In Thursday's New England Journal of Medicine, doctors detailed the cases of the two women, ages 22 and 40, who experienced "transient smartphone blindness" for months.
The women complained of recurring episodes of temporary vision loss for up to 15 minutes. They were subjected to variety of medical exams, MRI scans and heart tests. Yet doctors couldn't find anything wrong with them to explain the problem.
.........
But minutes after walking into an eye specialist's office, the mystery was solved. "I simply asked them, 'What exactly were you doing when this happened?'" recalled Dr. Gordon Plant of Moorfield's Eye Hospital in London.
He explained that both women typically looked at their smartphones with only one eye while resting on their side in bed in the dark - their other eye was covered by the pillow.
"So you have one eye adapted to the light because it's looking at the phone and the other eye is adapted to the dark," he said. When they put their phone down, they couldn't see with the phone eye. That's because "it's taking many minutes to catch up to the other eye that's adapted to the dark," Plant said.
I've done this unintentionally countless times and immediately self-diagnosed the "blindness" problem. So not only are these people idiots, but we have medical doctors prescribing MRIs and heart tests.
iwealth wrote:
I've done this unintentionally countless times and immediately self-diagnosed the "blindness" problem. So not only are these people idiots, but we have medical doctors prescribing MRIs and heart tests.
And my health premiums keep rising...argh.
I saw that and thought the exact same thing! Everyone involved in this chain of events, from the "patient" to the doctor to the reporter, is basically a moron.
Xan wrote:
I saw that and thought the exact same thing! Everyone involved in this chain of events, from the "patient" to the doctor to the reporter, is basically a moron.

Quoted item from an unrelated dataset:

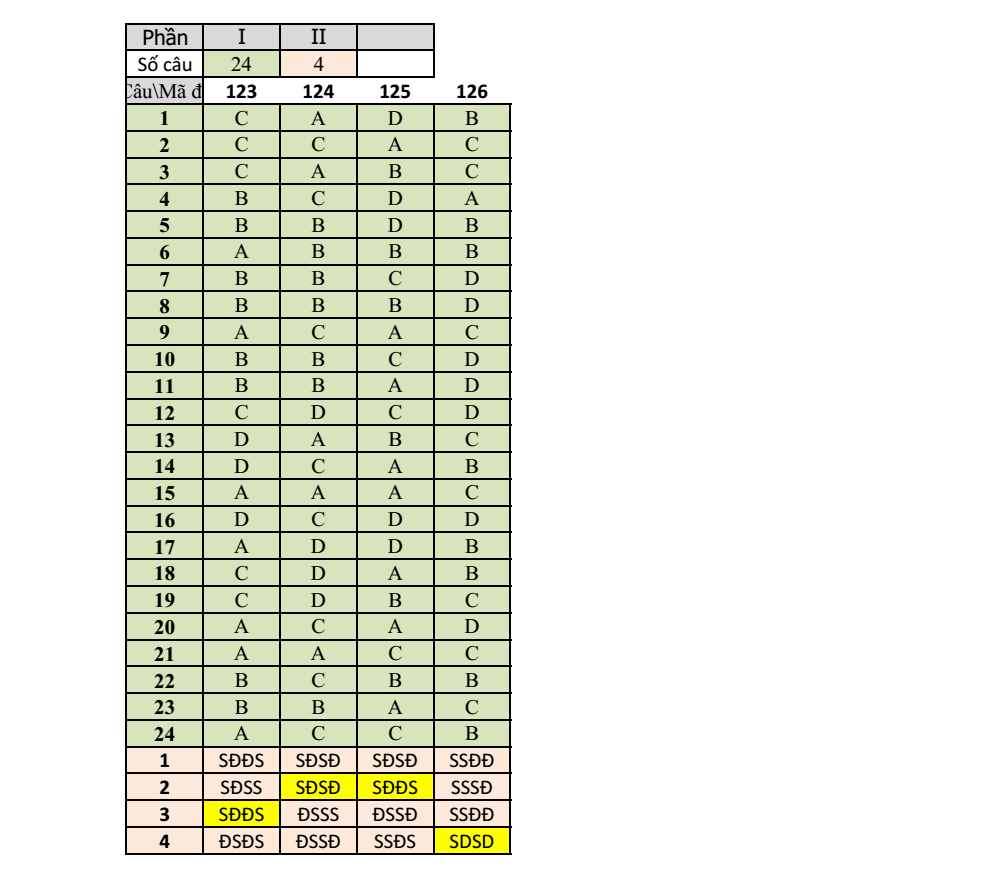 Đề thi Giữa kì 1 Lịch Sử 10 năm 2024-2025 trường THPT Dĩ An (Bình Dương)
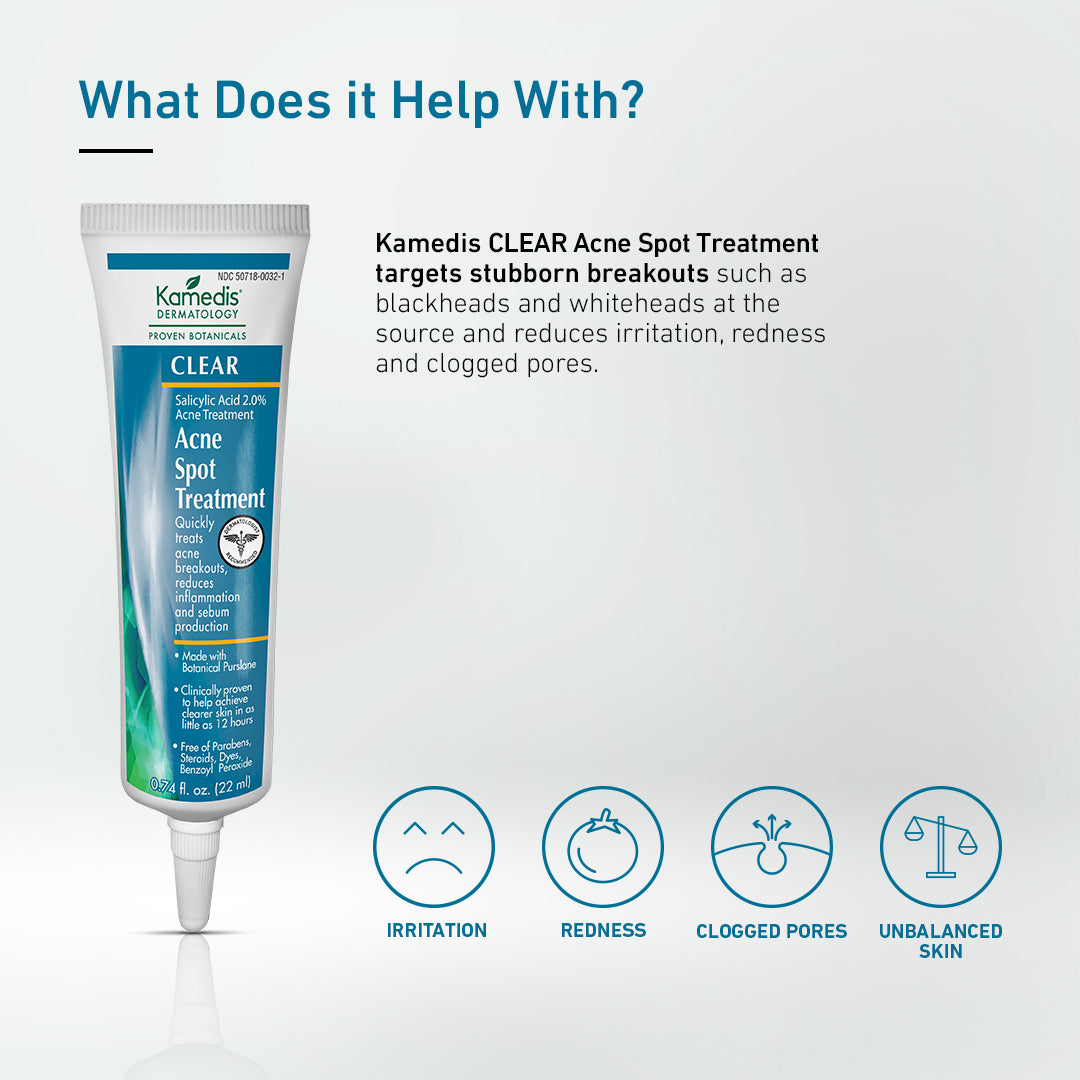 Acne Spot Treatment (TO ACTIVATE IF NEEDED)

You are not aware how medicine is practiced today. As someone who does not order any tests, but interprets the imaging studies ordered by others (CTs, MRIs, etc) I can tell you that we have gone far far down the line from practicing defensive medicine. You now have to order the test to exclude the rare possibility, no matter how unlikely. That is how medicine is practiced (at least in the US).
Benko wrote:You now have to order the test to exclude the rare possibility, no matter how unlikely. That is how medicine is practiced (at least in the US).
Is this for fear of malpractice suits? Because surely some doctor in the chain had to recognize what was going on here. Do we now have a front line of doctors that do nothing but prescribe tests with results to be interpreted by other doctors whose job is to then relay the results back to the prescribing doctor?
Benko wrote:You now have to order the test to exclude the rare possibility, no matter how unlikely. That is how medicine is practiced (at least in the US).
Is this for fear of malpractice suits?
No. It was once, but now it has been established as the way you have to practice (prove every pt doesn't have the rare thing). There is no going back. And to be fair, if you are the person walking in the ER with the rare disease, you will be better off getting the test. It is just they will have to image many people who don't have anything to find you.
And as someone who sees lots of tests ordered for what seems on my end to be silly reasons on a daily basis, I have a differernt view from e.g. WiseOne and the people who order the tests. Perhaps she will chime in.
Benko wrote:You are not aware how medicine is practiced today. As someone who does not order any tests, but interprets the imaging studies ordered by others (CTs, MRIs, etc) I can tell you that we have gone far far down the line from practicing defensive medicine. You now have to order the test to exclude the rare possibility, no matter how unlikely. That is how medicine is practiced (at least in the US).
I wish that philosophy worked at the PCP level so I could get everything I want tested for "free" instead of what was just demeed most necessary or acceptable. This stuff isn't cheap out of pocket.
OTOH, compared to the bad old days where negligience ruled because doctor's let their biases and personal pet opinions dictate what was and what wasn't necessary as far as diagnostic and etiology went, I rather them be much more thorough today like a expert system/robot would.
"All generous minds have a horror of what are commonly called 'Facts'. They are the brute beasts of the intellectual domain." -- Thomas Hobbes
Disclaimer: I am not a broker, dealer, investment advisor, physician, theologian or prophet. I should not be considered as legally permitted to render such advice!